A high-performance, drop-in replacement for `polymarket-rs-client` optimized for high-frequency trading.

## Quick Start

Add to your `Cargo.toml`:

```toml
[dependencies]
polyfill-rs = "0.1.0"
```

Replace your imports:

```rust
// Before: use polymarket_rs_client::{ClobClient, Side, OrderType};
use polyfill_rs::{ClobClient, Side, OrderType};

#[tokio::main]
async fn main() -> Result<(), Box<dyn std::error::Error>> {
    let client = ClobClient::new("https://clob.polymarket.com");
    let markets = client.get_sampling_markets(None).await?;
    println!("Found {} markets", markets.data.len());
    Ok(())
}
```

**That's it!** Your existing code works unchanged, but now runs significantly faster.

## Why polyfill-rs?

**🔄 100% API Compatible**: Drop-in replacement for `polymarket-rs-client` with identical method signatures

**🚀 Performance Optimized**: Fixed-point arithmetic and zero-allocation hot paths for HFT environments

**📈 Production Ready**: Used in live trading environments processing thousands of updates per second

**🛠️ Enhanced Features**: WebSocket streaming, advanced fill processing, and comprehensive metrics

## Distribution & Usage

### Crates.io Publication
Once published to [crates.io](https://crates.io), users can add polyfill-rs to their projects with a simple dependency declaration. Documentation is automatically hosted on [docs.rs](https://docs.rs/polyfill-rs).

### Migration from polymarket-rs-client
See our [Migration Guide](./MIGRATION_GUIDE.md) for detailed instructions.

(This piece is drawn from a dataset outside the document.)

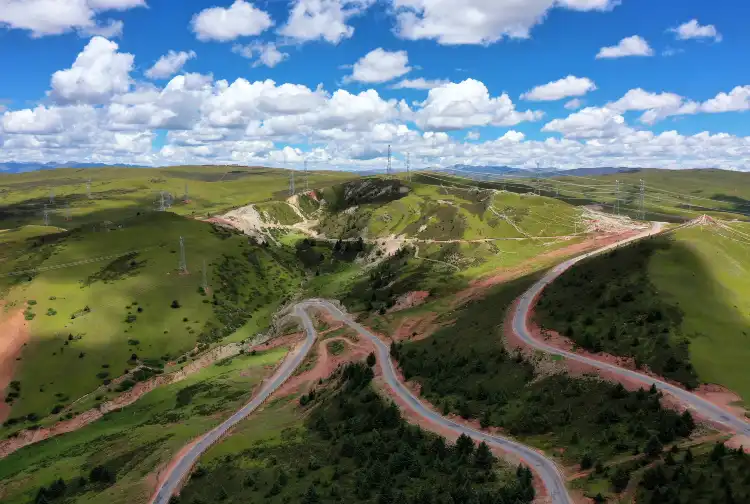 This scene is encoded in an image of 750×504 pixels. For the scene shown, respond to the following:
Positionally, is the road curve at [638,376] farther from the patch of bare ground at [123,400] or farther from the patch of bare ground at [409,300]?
the patch of bare ground at [123,400]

The process is typically:

1. Update dependency in `Cargo.toml`
2. Change import statements
3. Enjoy improved performance with zero code changes

### Usage Patterns

**Basic Trading Bot:**
```rust
use polyfill_rs::{ClobClient, OrderArgs, Side, OrderType};
use rust_decimal_macros::dec;

let client = ClobClient::with_l2_headers(host, private_key, chain_id, api_creds);

// Create and submit order
let order_args = OrderArgs::new("token_id", dec!(0.75), dec!(100.0), Side::BUY);
let result = client.create_and_post_order(&order_args).await?;
```

**High-Frequency Market Making:**
```rust
use polyfill_rs::{OrderBookImpl, WebSocketStream};

// Real-time order book with fixed-point optimizations
let mut book = OrderBookImpl::new("token_id".to_string(), 100);
let mut stream = WebSocketStream::new("wss://ws-subscriptions-clob.polymarket.com").await?;

// Process thousands of updates per second
while let Some(update) = stream.next().await {
    book.apply_delta_fast(&update.into())?;
    let spread = book.spread_fast(); // Returns in ticks for maximum speed
}
```

## How It Works

The library has four main pieces that work together:

### Order Book Engine
This is where the magic happens. Instead of using slow decimal math like everyone else, we use fixed-point integers internally:

- **Before**: `BTreeMap<Decimal, Decimal>` (slow decimal operations + allocations)
- **After**: `BTreeMap<u32, i64>` (fast integer operations, zero allocations)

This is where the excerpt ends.